Dynamics arising from the impact of private and social programs (e.g., police treatments in cases of domestic violence) have been dealt with by including the lag of the dependent variable (actual violence) and the latent variable (Tauchen and Witte). Tauchen and Witte use data from the Minneapolis Domestic Violence Experiment to determine how police treatments in cases of domestic violence (advising the couple, separating the individuals temporarily, or arresting the suspect) affect the couple's subsequent violence.

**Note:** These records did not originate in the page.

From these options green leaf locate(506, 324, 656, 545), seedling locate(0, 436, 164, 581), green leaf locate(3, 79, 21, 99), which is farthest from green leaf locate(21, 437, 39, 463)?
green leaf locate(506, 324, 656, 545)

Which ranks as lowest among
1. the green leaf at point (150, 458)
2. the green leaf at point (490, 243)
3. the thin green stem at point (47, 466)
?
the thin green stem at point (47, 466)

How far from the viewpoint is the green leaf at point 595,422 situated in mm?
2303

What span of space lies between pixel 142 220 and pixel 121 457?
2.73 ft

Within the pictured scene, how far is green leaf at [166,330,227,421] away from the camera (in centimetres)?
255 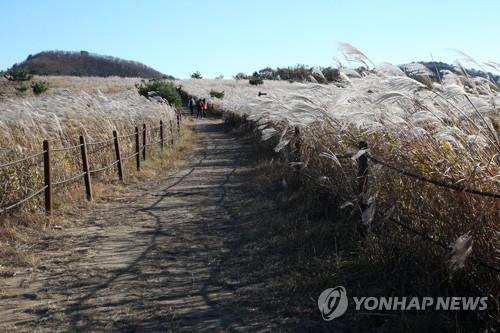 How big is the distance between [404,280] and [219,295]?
1675 mm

Estimating a dynamic probit model for the probability of observing violence in the follow-up periods, the authors find that arrest is more effective than advising or short-term separation but that the differential effect is transitory.

In an interesting paper, Williams and Sickles provide an extension of Ehrlich (1973) by including an individual's social capital stock into his utility and earnings functions. Social capital, including things like reputation and social networks, is used as a proxy to account for the effect of social norms on an individual's decision to participate in crime. This assumes that the stigma associated with arrest depreciates an individual's social capital stock. Williams and Sickles clarify this point further by arguing that employment and marriage create a form of state dependence, which reduces the likelihood of criminal involvement. In other words, an individual with a family, job, or good reputation has more to lose if caught committing crimes than those without such attachments. Dynamics arise from current decisions affecting future outcomes through the social capital stock accumulation process. The main result is that criminals behave rationally in the sense that they account for future consequences of current period decisions.

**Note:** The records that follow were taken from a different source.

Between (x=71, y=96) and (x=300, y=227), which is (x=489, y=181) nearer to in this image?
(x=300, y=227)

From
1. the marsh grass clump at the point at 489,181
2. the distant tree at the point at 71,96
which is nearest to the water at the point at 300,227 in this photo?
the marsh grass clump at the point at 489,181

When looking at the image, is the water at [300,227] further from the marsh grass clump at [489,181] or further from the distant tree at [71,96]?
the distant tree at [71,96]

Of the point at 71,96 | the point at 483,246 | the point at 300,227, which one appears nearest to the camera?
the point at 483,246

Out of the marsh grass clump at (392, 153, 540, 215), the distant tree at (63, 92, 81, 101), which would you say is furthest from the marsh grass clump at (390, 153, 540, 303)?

A brief sketch of the empirical evidence on the supply of crime

The motivation behind most early applications of Becker's model was to examine the impact of legitimate labor market experiences (e.g., unemployment) and sanctions on criminal behavior. Broadly speaking, the empirical findings are that (1) poor legitimate labor market opportunities of potential criminals, such as low wages and high rates of unemployment, increases the supply of criminal activities; and (2) sanctions deter crime.

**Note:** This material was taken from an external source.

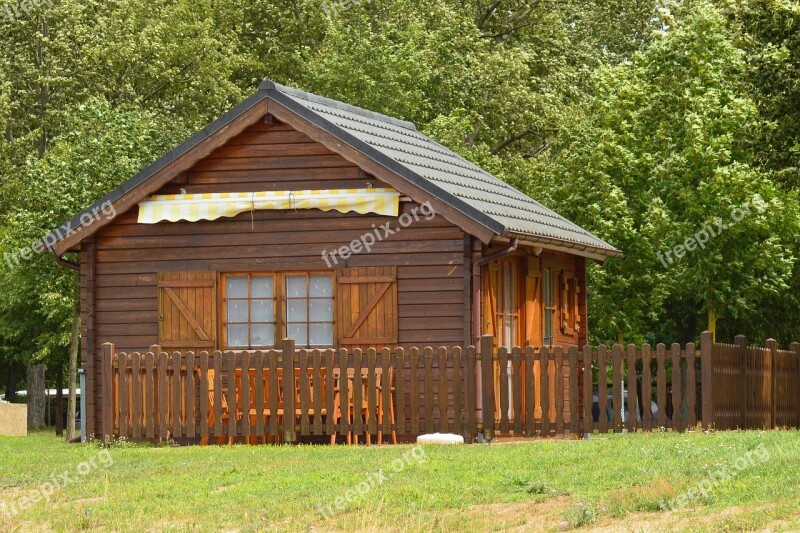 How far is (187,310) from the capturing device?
2202 cm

The empirical evidence on the relationship between unemployment and criminal activity has been the subject of much investigation (see literature review by Freeman, 1999a). Unemployment could be taken to influence the opportunity cost of illegal activity. High rates of unemployment growth could be taken to imply a restriction on the availability of legal activities, and thus serve to ultimately reduce the opportunity cost of engaging in illegal activities. Although theoretically well-defined, most empirical studies of the unemployment-crime relationship have provided mixed evidence.

Not all early studies used aggregate time-series data to test the relationship between unemployment and crime. Thornberry and Christenson use individual level data from the 1945 Philadelphia cohort to find that unemployment had significant effects on crime. Farrington et al., using data from the CSDD, showed that property crime rates were higher when offenders were unemployed.

Witte and Tauchen (1994) exploit the panel data dimensions of the Philadelphia cohort used by Thornberry and Christenson. Instead of primarily focusing on crime as a function of unemployment, they use a richer set of controls, like deterrence, employment status, age, education, race, and neighbourhood characteristics. The results reported by Tauchen and Witte on the relationship between employment and crime were consistent with the previous findings of Thornberry and Christenson and Farrington. Recent work, of which Levitt and Witt et al. (1999) are representative, proceeded to use pooled time-series cross-section data and find, inter alia, positive associations between unemployment and property crime.

One problem with most work and crime models is that they assume both activities are mutually exclusive. This may be a problematic assumption when considering disadvantaged youths (see Freeman, 1999b). The fact that a youth can shift from crime to an unskilled job and back again or can commit crime while holding a legal job means that the supply of youths to crime will be quite elastic with respect to relative rewards from crime vis-à-vis legal work or to the number of criminal opportunities.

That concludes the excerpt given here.